Hematoxylin and Eosin (H&E) staining

After decalcification, the tibia samples were fixed in paraffin and cut longitudinally at a thickness of 3 μm using a model RM2255 microtome (Leica Microsystems, Wetzlar, Germany). Each section was mounted on a slide and put in a 55oC. The sections were de-paraffinized in three 5-minute changes of xylene and dehydrated in three 5-minute changes in sequentially increasing alcohol solutions (70%, 80%, 90%, and 100%).
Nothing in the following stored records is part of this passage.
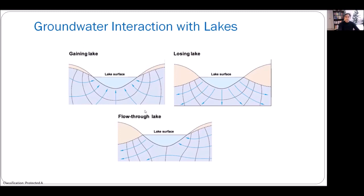One particular lake can be gaining and losing depending on the season. Often when it's the wet season, the groundwater level could be higher and the lake could be gaining water, and when it's the dry season, the reverse could be happening.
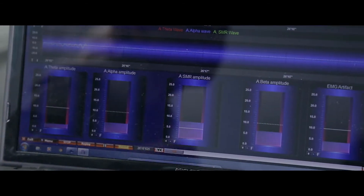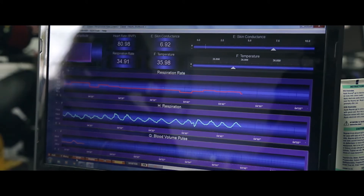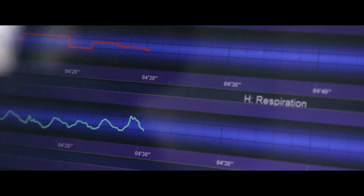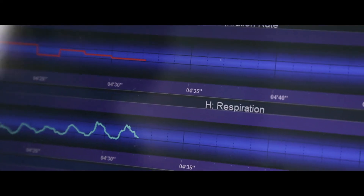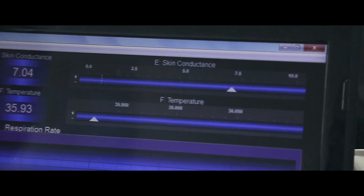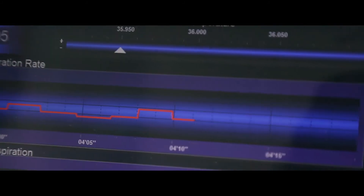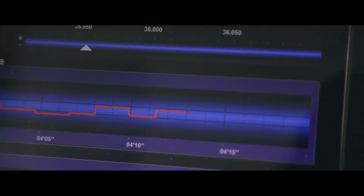The brain frequencies we are measuring are theta slow brain waves, alpha, SMR (sensorimotor rhythm), and fast beta amplitude. Here we also have a multi-modality biofeedback screen where we can monitor the driver's heart rate, finger temperature, respiration rate, and skin conductance stress level.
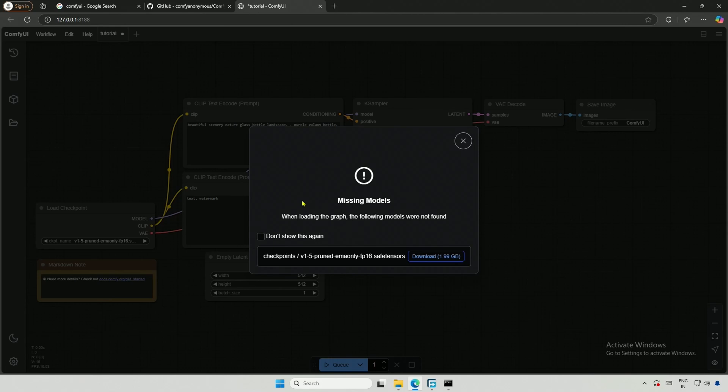Now, the Comfy UI is visible in the browser, but it indicates that a checkpoint is missing. This checkpoint is the AI model we need to download, as it will be used by Comfy UI to generate images.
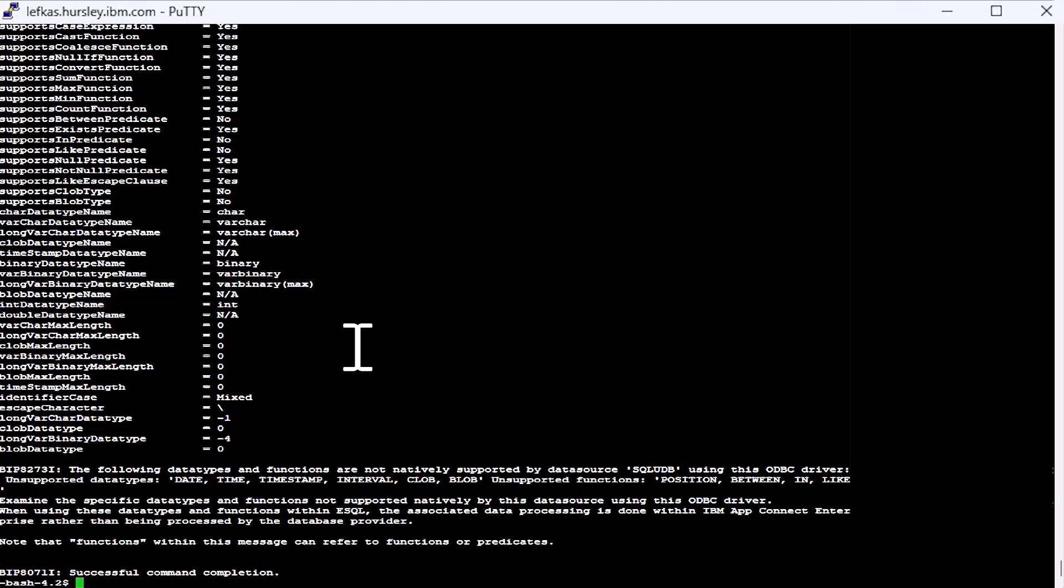So hopefully you can see it's fairly straightforward to make an ODBC connection from ACE to your chosen database. Just need to set up your ODBC INI file, reference it with some environment variables before you start your ACE integration server. And then you can either use CVP to test your connections or you can wait until you run your message flow and the same checks that CVP makes will be made when ACE makes a connection. Thank you for listening.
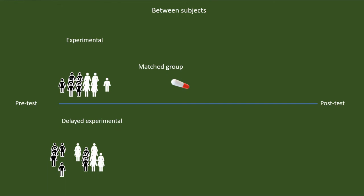So, suppose we are assigning an individual with an intelligence score of 112 to the experimental group. In that case, we may assign another person with the same or the closest intelligence score to the control group. Like this, we will match the two groups. All the rest of the procedures are almost common for all the between-group experimental designs.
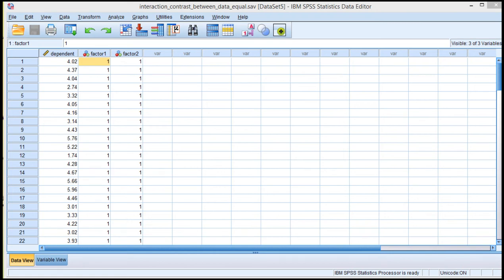In this video, I'm going to show you how to conduct an interaction contrast analysis in SPSS. And I have to say, this is a really cool and powerful feature.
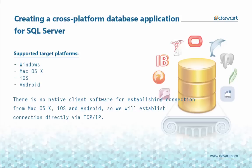We will consider a demo of creating a cross-platform database application for SQL Server for Windows, MacOS, iOS and Android.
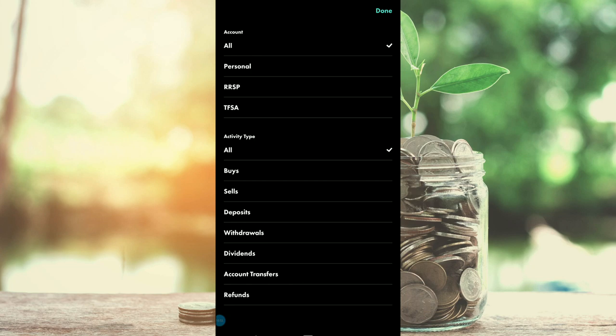You can also filter by activity type: buys, sells, deposits, withdrawals, dividends, account transfers, and refunds. The ones you'll most likely be interested in are the buys, the sells, and the dividends, as these track the core activity in your account. If we click on dividends right now, you can see the dividends that I've received.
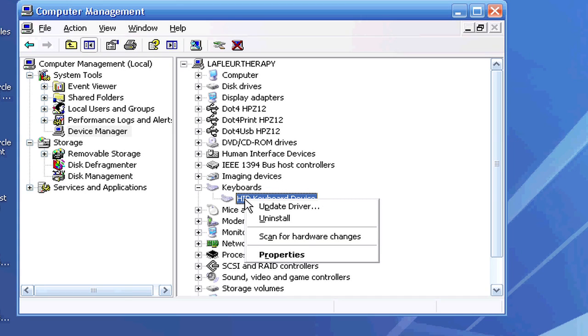This gives you a couple options. One, you can update the driver, which sometimes, if you're having an issue with, for example, your keyboard, it can just be that the driver is out of date and needs to be updated.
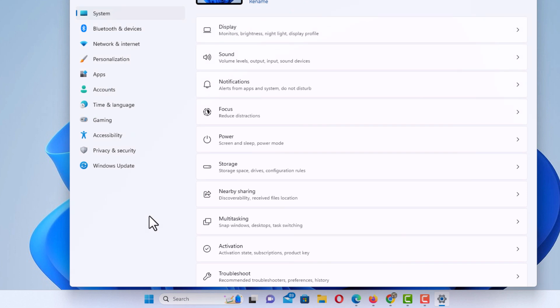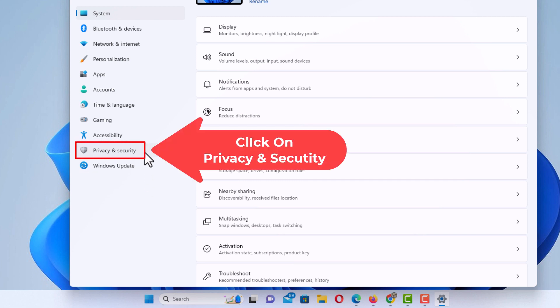Now in the dialog box that opens up here, in the pane on the left-hand side, you want to click on privacy and security.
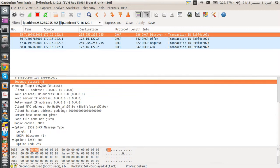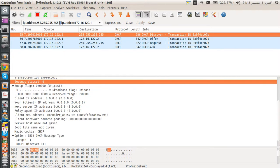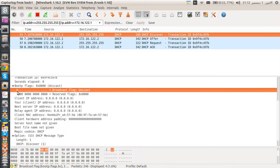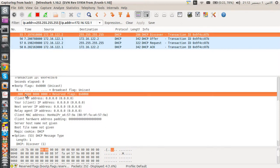The next field is time elapsed between client and server — set to zero. We also have the boot flags, which is 16 bits long. The first bit is the broadcast flag: set to 0 for unicast, 1 for broadcast. The remaining 15 bits are reserved for future use and set to zero.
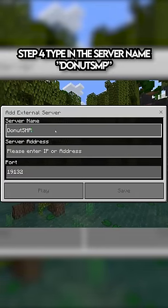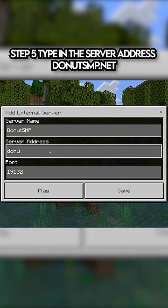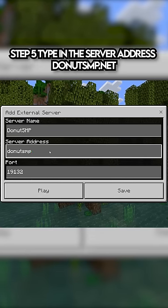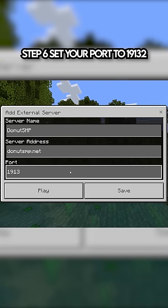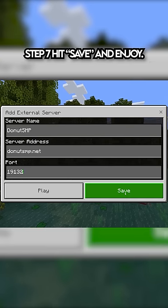Step 4, type in the server name DonutSMP. Step 5, type in the server address DonutSMP.net. Step 6, set your port to 19132.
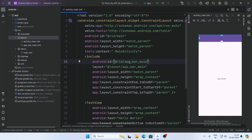Now open activity_main.xml and include the app bar layout here. Set the ID to app_bar_main and add the layout using include layout with the app_bar_main layout file.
The slides were rinsed in flowing distilled water for 1 minute and immersed in Harris Hematoxylin-I (YD-Diagnostics.com, Yongin, Korea) for 5 minutes, followed by a 1-minute wash in flowing tap water. The sections were then dehydrated from 70% to 100% ethanol and stained with Eosin Y (Sigma-Aldrich) for 30 seconds. Residual stain was washed off in a flow of distilled water. Each section was mounted (Shandon Synthetic Mountant; Thermo Fisher Scientific, Waltham, MA, USA).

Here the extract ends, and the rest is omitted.